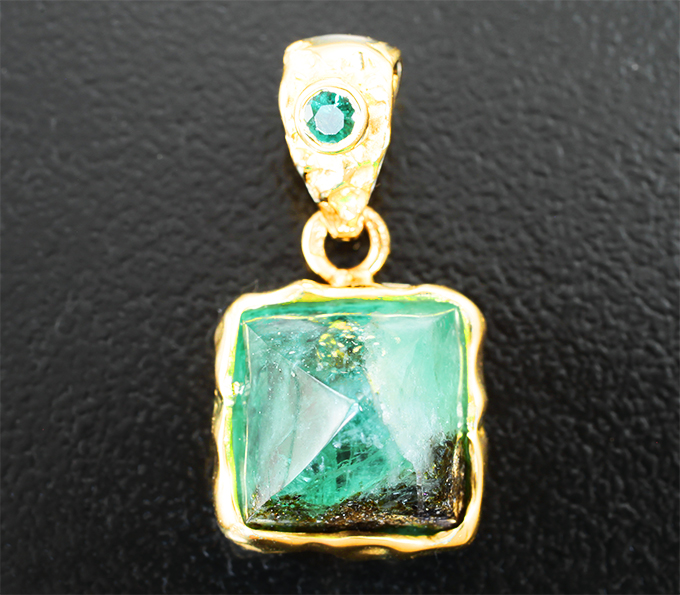 Золото Кулон с крупным уральским изумрудом 5,65 карата и малым изумрудом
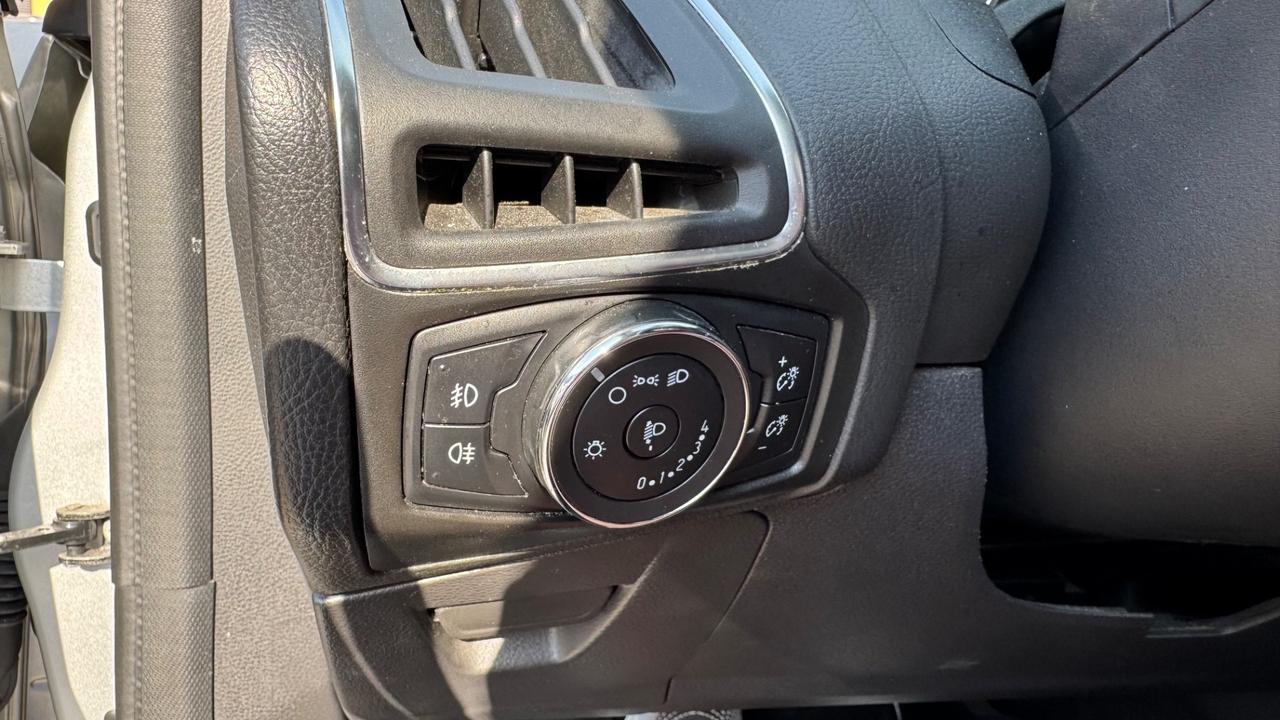 Ford Focus 1.6 TDCi 115 CV-2013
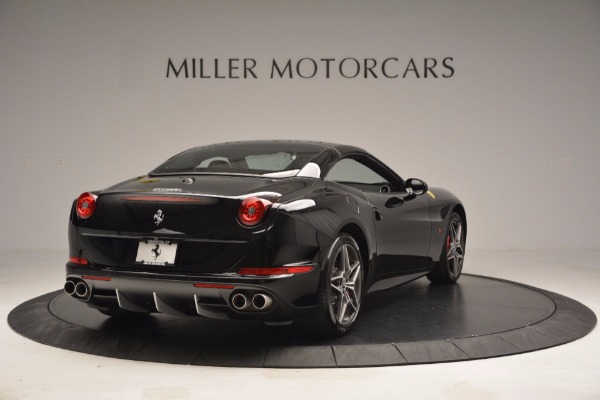 Used 2015 Ferrari California T for sale Sold at Bugatti of Greenwich in Greenwich CT 06830 19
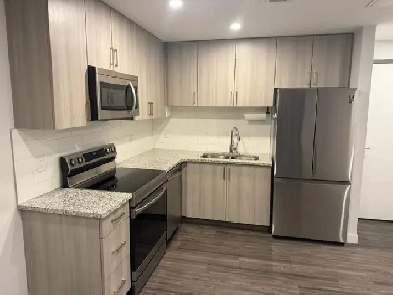 Comfortable, Modern 1 Bedroom Near Downtown Image# 9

Assigned task: Write out the data above exactly, minus any images.

Answer to this exercise:
 Золото Кулон с крупным уральским изумрудом 5,65 карата и малым изумрудом
 Ford Focus 1.6 TDCi 115 CV-2013
 Used 2015 Ferrari California T for sale Sold at Bugatti of Greenwich in Greenwich CT 06830 19
 Comfortable, Modern 1 Bedroom Near Downtown Image# 9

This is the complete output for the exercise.